▶ [Directions]
Begin at the line below that has "Dentro de la" and stop after the line that has "la finalidad de". Please restate only those lines, word for word.

═════ Supplied records ═════

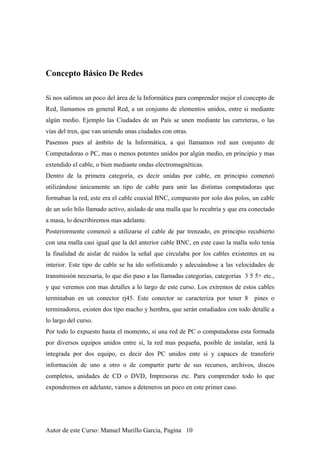 Concepto Básico De Redes
Si nos salimos un poco del área de la Informática para comprender mejor el concepto de
Red, llamamos en general Red, a un conjunto de elementos unidos, entre si mediante
algún medio. Ejemplo las Ciudades de un País se unen mediante las carreteras, o las
vías del tren, que van uniendo unas ciudades con otras.
Pasemos pues al ámbito de la Informática, a qui llamamos red aun conjunto de
Computadoras o PC, mas o menos potentes unidos por algún medio, en principio y mas
extendido el cable, o bien mediante ondas electromagnéticas.
Dentro de la primera categoría, es decir unidas por cable, en principio comenzó
utilizándose únicamente un tipo de cable para unir las distintas computadoras que
formaban la red, este era el cable coaxial BNC, compuesto por solo dos polos, un cable
de un solo hilo llamado activo, aislado de una malla que lo recubría y que era conectado
a masa, lo describiremos mas adelante.
Posteriormente comenzó a utilizarse el cable de par trenzado, en principio recubierto
con una malla casi igual que la del anterior cable BNC, en este caso la malla solo tenia
la finalidad de aislar de ruidos la señal que circulaba por los cables existentes en su
interior. Este tipo de cable se ha ido sofisticando y adecuándose a las velocidades de
transmisión necesaria, lo que dio paso a las llamadas categorías, categorías 3 5 5+ etc.,
y que veremos con mas detalles a lo largo de este curso. Los extremos de estos cables
terminaban en un conector rj45. Este conector se caracteriza por tener 8 pines o
terminadores, existen dos tipo macho y hembra, que serán estudiados con todo detalle a
lo largo del curso.
Por todo lo expuesto hasta el momento, si una red de PC o computadoras esta formada
por diversos equipos unidos entre si, la red mas pequeña, posible de instalar, será la
integrada por dos equipo, es decir dos PC unidos ente si y capaces de transferir
información de uno a otro o de compartir parte de sus recursos, archivos, discos
completos, unidades de CD o DVD, Impresoras etc. Para comprender todo lo que
expondremos en adelante, vamos a deteneros un poco en este primer caso.
Autor de este Curso: Manuel Murillo Garcia, Pagina 10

═════

▶ [Result for this exercise]
Dentro de la primera categoría, es decir unidas por cable, en principio comenzó
utilizándose únicamente un tipo de cable para unir las distintas computadoras que
formaban la red, este era el cable coaxial BNC, compuesto por solo dos polos, un cable
de un solo hilo llamado activo, aislado de una malla que lo recubría y que era conectado
a masa, lo describiremos mas adelante.
Posteriormente comenzó a utilizarse el cable de par trenzado, en principio recubierto
con una malla casi igual que la del anterior cable BNC, en este caso la malla solo tenia
la finalidad de aislar de ruidos la señal que circulaba por los cables existentes en su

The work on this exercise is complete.